So because of that, a lot of the best workers in oil and gas are those that can recognize problems quickly and alleviate them before they get out of control.

Luckily for future students at Nicholls State University, a new facility is about to be opened, which will focus solely on giving students hands-on training so that they can have problem-solving experience before they ever get in real-life situations.

It’s called a virtual well control and well drilling lab, and it gives students a virtual world to experiment with before they ever step foot on an offshore platform.

The facility is currently being built at Nicholls – a $170,000 project that’s being funded by industry leaders and other donors the school’s oil and gas program has throughout the year.

It’s completion will be a game-changer, according to Mike Gautreaux, the executive director of the school’s Petroleum Engineering Technology and Safety Management program.

“This is some unique equipment,” Gautreaux said. “This is something that is going to set us apart. We are so very excited for this to get here. What this is, is it’s a simulator that allows a student to drill a well either on land or over water. We can simulate different depths or pressures. We can simulate conditions. It gives us a chance to bring every situation to them in the classroom so that when they’re in the real world and real lives are on the line, nothing will be foreign. Every situation will be something that they’ve seen before and have been asked to deal with. It’s invaluable.”

For Nicholls, the facility will be here just before you know it.

Gautreaux said the simulator will take up an entire room in Nicholls’ campus, and renovations are being done to the room now to get everything ready.

The executive director said if there are no setbacks, the facility should be here at the start of the new year.

“We hope it will be here and ready for use by the spring semester,” Gautreaux said. “That’s what we’re pinpointing right now.”

To pay for the equipment, Nicholls is pooling money from industry leaders and private donors – all who say the project will be a huge coup to the Thibodaux-based university.

The Morgan City Oilfield Fishing Rodeo donated $9,000 from its past rodeo to the university – funds which will go toward the simulator.
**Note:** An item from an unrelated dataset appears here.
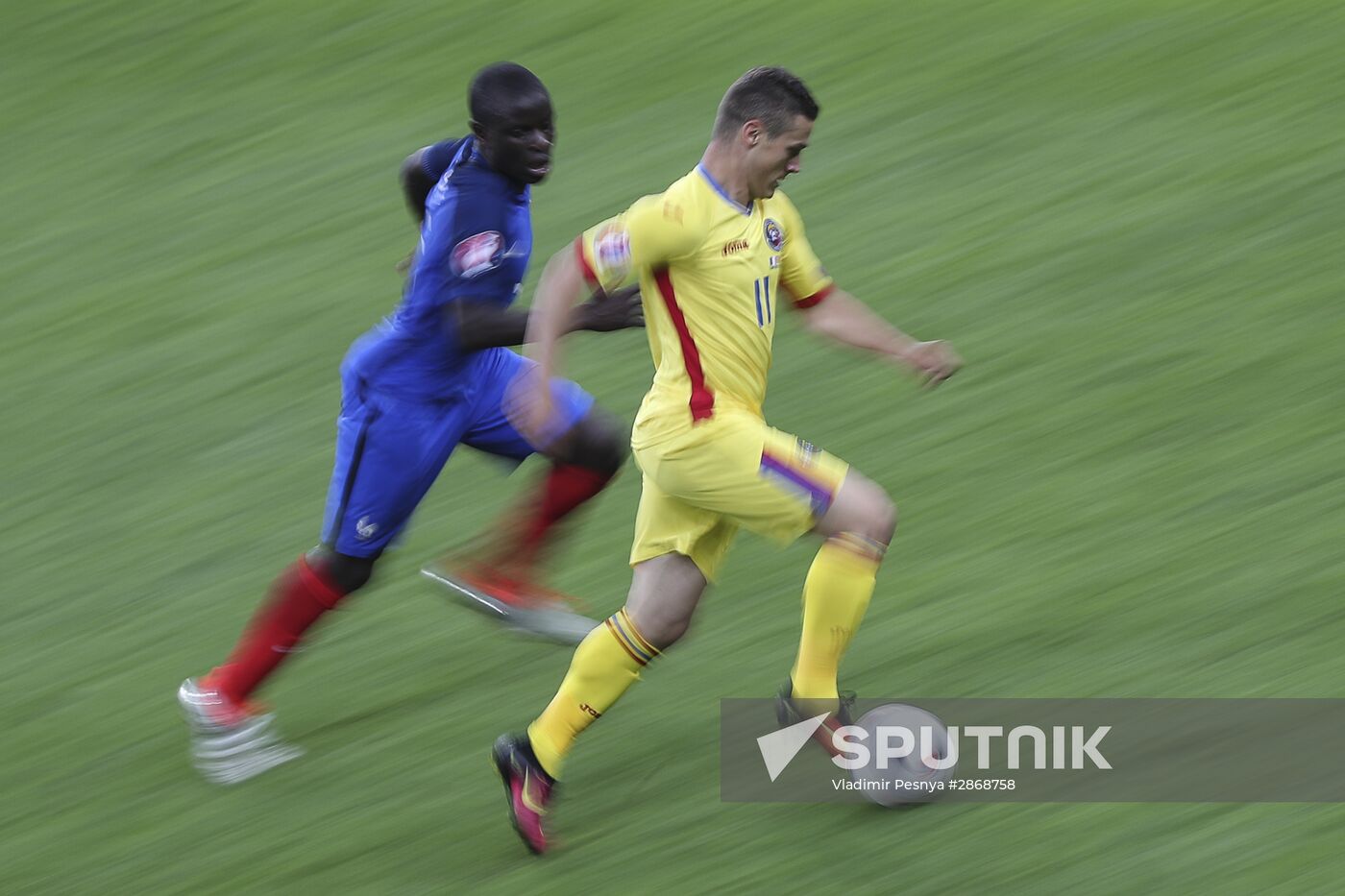 2016 UEFA European Championship. France vs. Romania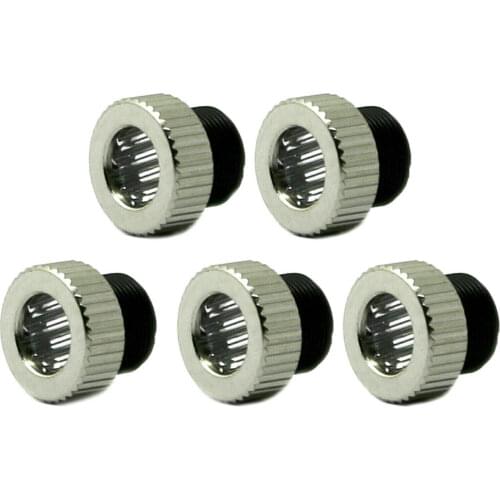 5pcs Line Laser Lens w/200-1100nm P0.5 M9 Collimating Lens 30°/45°/60°/90°/120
Founded in 2013 by Morgan City-based deepwater container specialist Tanks-A-Lot, the non-profit has its rodeo every May and gives the proceeds to help Nicholls’ oil and gas programs.

Joey Cannata, the operations manager at Tanks-A-Lot said the simulator will be a huge deal to Nicholls, adding the organization is happy to help make it a reality.

“Our sole effort is to raise funds to support higher education,” Cannata said. “(We also support) the oil and gas industry and our area.”

Once the simulator is complete, Gautreaux said Nicholls will be able to change the game in local oilfield training.

Gautreaux said once it’s open, rigs will be able to be safer than before, because the workers on them will have seen first-hand the things that can happen when problems arrive.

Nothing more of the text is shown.